Alternatively, a vector type specification can provide the class/struct member name of the one-beyond-last element instead of specifying the vector size. This is illustrated from line 8 to line 12 for std::vectordouble. Here, “MemberPointer” is still the starting memory address of the std vector, which is _Mypair._Myval2._Myfirst in Microsoft’s std::vector implementation. Keyword “MemberLast” indicates that the memory address of the one-beyond-last element can be obtained from class/struct data member _Mypair._Myval2._Mylast.
7.2 Matrix Types
In the same demo.h header file, we also provided a C++ matrix class definition that uses std::vector as data storage. The complete code example is included in Listing 3. Its json specification is given in Listing 4.
Here, keyword “ConsecutiveMatrices” tells GDE that this specification block is to export matrix types that use consecutive memory storage. We have only one type in this block, which is mathwrist::GDEDemo::Matrix following the keyword “TypeName” at line 3.
Line 4 and 5 indicate the number of rows and columns are stored in class/struct data member m_rows and m_cols, after keywords “MemberRowSize” and “MemberColumnSize” respectively. At line 6, keyword “MemberPointer” tells GDE that the memory address of matrix element storage can be obtained by following the chain of data members m_storage._Mypair._Myval2._Myfirst.

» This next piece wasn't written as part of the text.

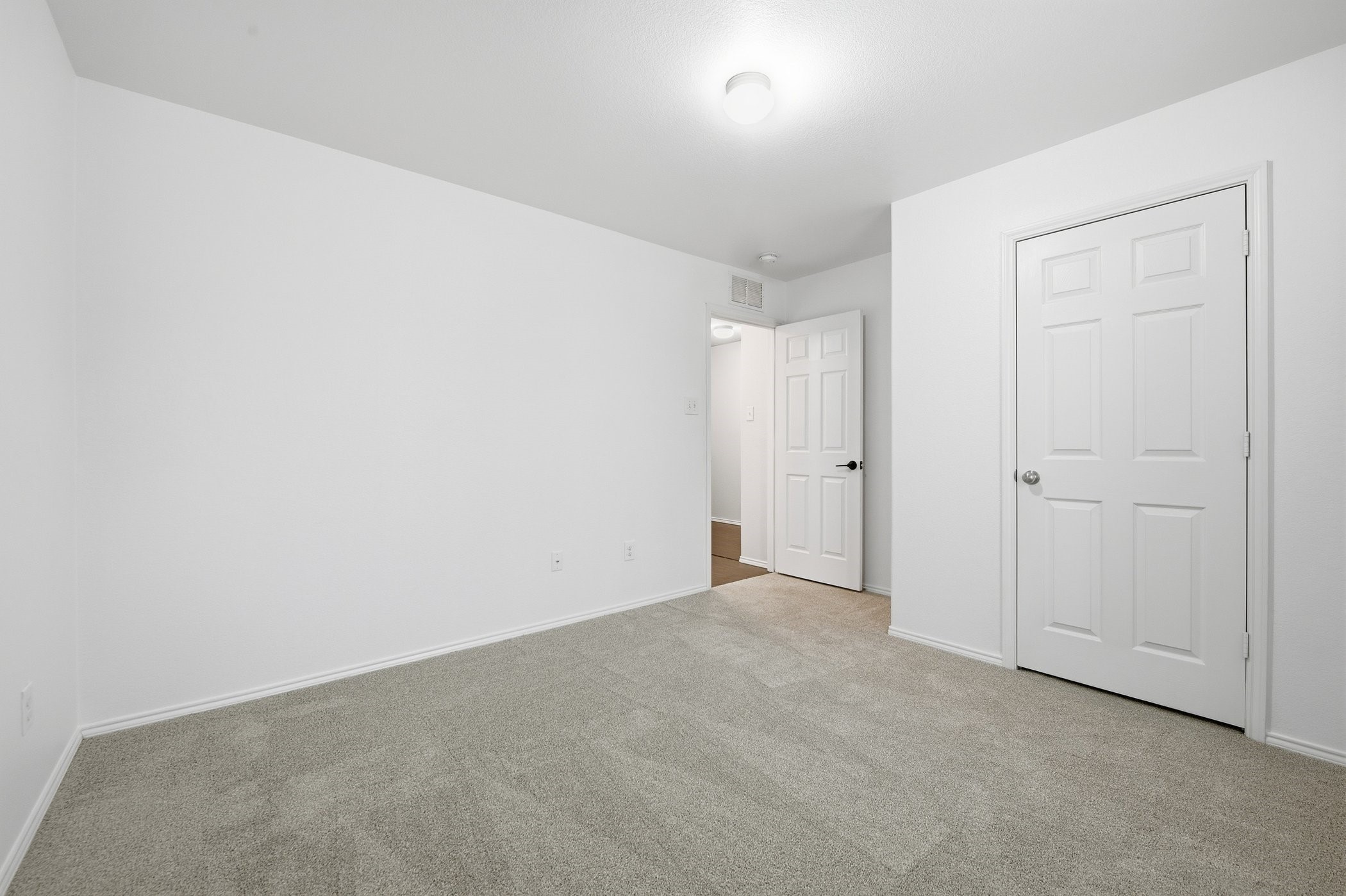 10001 Amosite Drive Fort Worth TX 76131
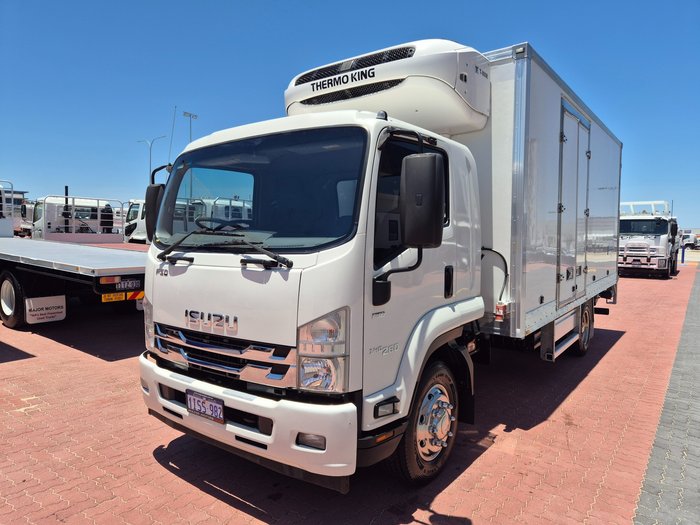 2019 Isuzu Trucks FSD 140/120-260 AUTO 8 Pallet Freezer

Lastly, keyword “RowMajor” at line 7 is used to specify whether the matrix uses row-major or column-major memory storage. In this example, we tell GDE the row-major flag is stored in class/struct member m_row_wise. If this line is missing, by default we interpret the matrix uses row-major storage. Alternatively, users can specify key-value pairs “RowMajor”: “TRUE” or “RowMajor”: “FALSE” for matrix types that consistently use row-major or column-major storage.